CT grading is helpful in determining prognosis and complications:
Pancreatitis Grading (Balthazar)
A Normal pancreas; 0% mortality, 4% complication rate
B Enlarged pancreas; 0% mortality, 4% complication rate
C Pancreatic inflammation and/or peri-pancreatic fat inflammation; 0% mortality, 4% complication rate
D Single peri-pancreatic fluid collection ; 14% mortality, 54% complication rate
E Two or more peri-pancreatic fluid collections and/or retroperitoneal air; 14% mortality, 54% complication rate
Gallstone pancreatitis. Mild peripancreatic edema anterior to the body of the pancreas. Distended common bile duct with tiny calcification at the ampulla (grade C).
Moderately severe acute pancreatitis. Peri-pancreatic edema with retroperitoneal fluid surrounding the head and body of pancreas (grade D).
Severe acute pancreatitis.

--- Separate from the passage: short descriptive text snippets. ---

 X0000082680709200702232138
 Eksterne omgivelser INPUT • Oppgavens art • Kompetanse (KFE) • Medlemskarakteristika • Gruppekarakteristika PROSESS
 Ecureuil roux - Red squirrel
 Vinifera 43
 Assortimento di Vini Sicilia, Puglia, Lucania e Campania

Multiple large peripancreatic fluid collections, including a well-defined left lower quadrant collection containing bubbles of gas (grade E).

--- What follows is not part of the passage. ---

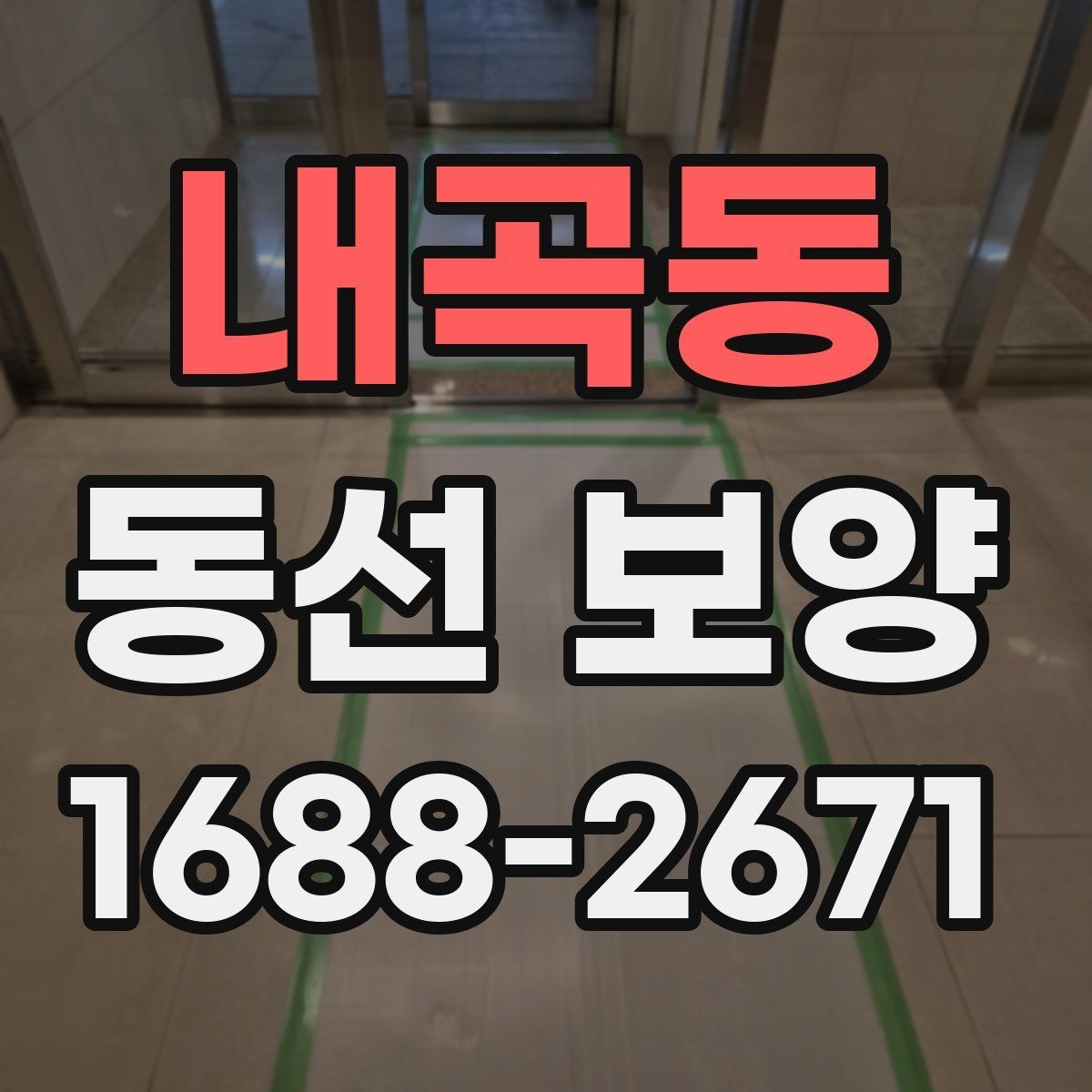 내곡동 동선 보양 후 정리까지 고려해야 하는 이유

Pancreatic necrosis may complicate acute pancreatitis and is associated with increased morbidity and mortality. Inflammation severe enough to cause cell death and liquefactive necrosis typically develops 24 to 48 hours after symptom onset. CT scans obtained in the first 12 hours may therefor be normal or only show mild inflammatory changes. Delayed imaging at ~ 3 days after symptom onset more sensitively detects necrosis than studies obtained at initial presentation.

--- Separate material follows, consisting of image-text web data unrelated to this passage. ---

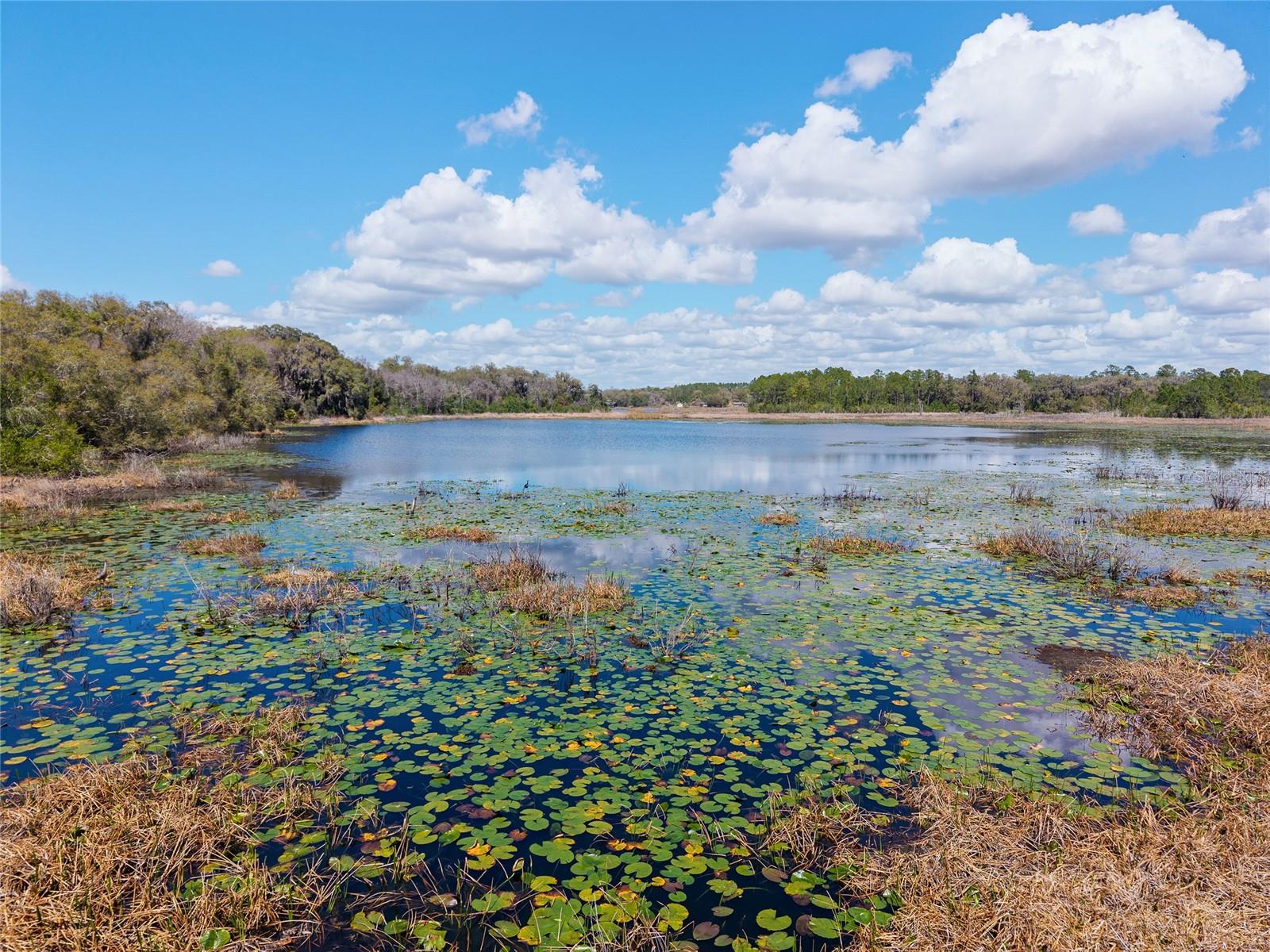 NON SUBDIVISION - Residential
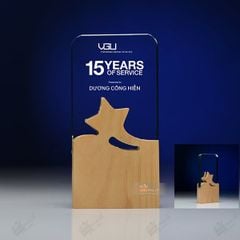 Kỷ niệm chương pha lê gỗ nhiều màu sắc CB027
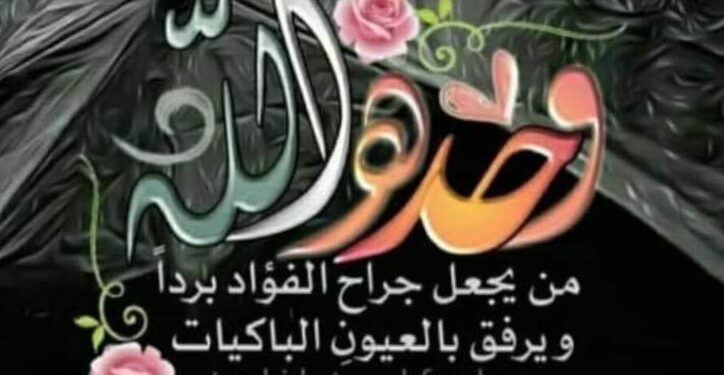 هل البال عضو فى جسم الإنسان ؟!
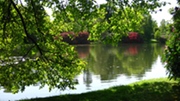 Sheffield Park Lake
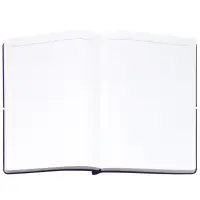 Ежедневник Flexpen Bright, недатированный, фиолетовый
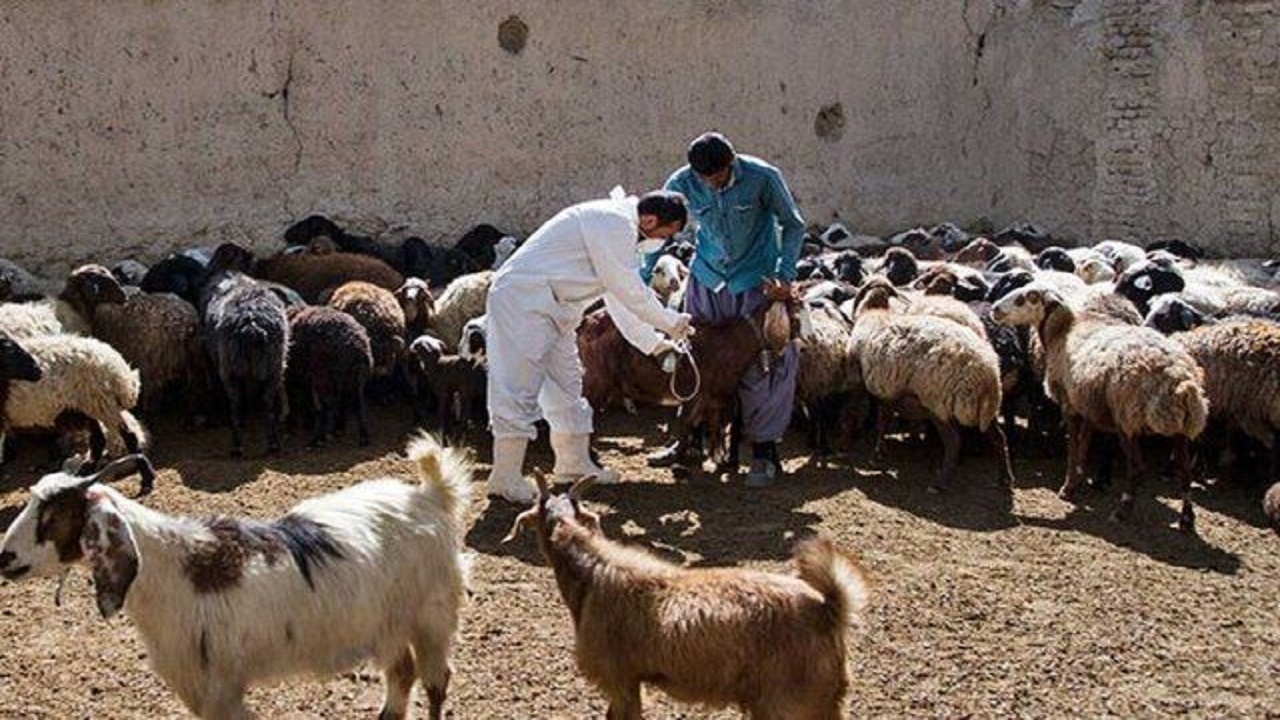 دامداران خطر بروز تب برفکی را جدی بگیرید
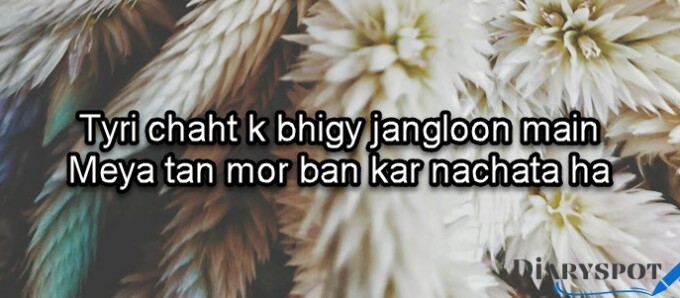 Sufi shayari in english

There are three potential outcomes for pancreatic necrosis: resolution, formation of noninfected pseudocyst, or abscess. In severe pancreatitis, a pseudocyst (liquefied necrotic tissue contained within a fibrous capsule), can develop over a period of 3 to 4 weeks. Encysted tissue is prone to infection and abscess development.
Portions of the pancreas that fail to enhance after the administration of intravenous contrast are considered necrotic. Intra- or peri-pancreatic gas bubbles may also be seen. Pancreatic necrosis may be accompanied by peri-pancreatic fat necrosis, which appears as a heterogenous fluid collection adjacent to the pancreas.
Acute pancreatitis with pancreatic necrosis. The pancreas is diffusely enlarged with extensive surrounding edema. Fluid is present in both anterior pararenal spaces.
At 18 days after symptom onset, most of the pancreas has been replaced by low-attenuation necrotic tissue contained by a thin, well-defined capsule. Mesenteric inflammatory changes persist.
Chronic pancreatitis is the consequence of persistent ongoing pancreatic inflammation with eventual glandular fibrosis, atrophy, and dystrophic calcification. Patients report a long history of intermittent epigastric pain that radiates to the back or recurrent episodes of acute pancreatitis. With sufficient pancreatic damage, the gland’s endocrine and exocrine functions fail, leading to malabsorption and diabetes. In contrast to the laboratory abnormalities seen in acute pancreatitis, lipase and amylase may be normal or only mildly elevated.
Abdominal or chest radiographs often show punctate or coarse upper abdominal calcifications distributed transversely across the epigastrium. These are primarily intraductal, located either within the main pancreatic duct or in the small pancreatic duct radicles. CT and ultrasound may show focal enlargement or atrophy of the gland, parenchymal calcifications, and pancreatic duct dilatation with ductal width greater than 5 mm at the head and 2 mm in the body and tail.
Chronic pancreatitis. Abdominal radiograph with multiple small calcifications superimposed on the L1 and L2 vertebral bodies.
Chronic pancreatitis. Atrophic pancreas with multiple punctate calcifications and mild pancreatic ductal dilatation. Small amount of perihepatic ascites.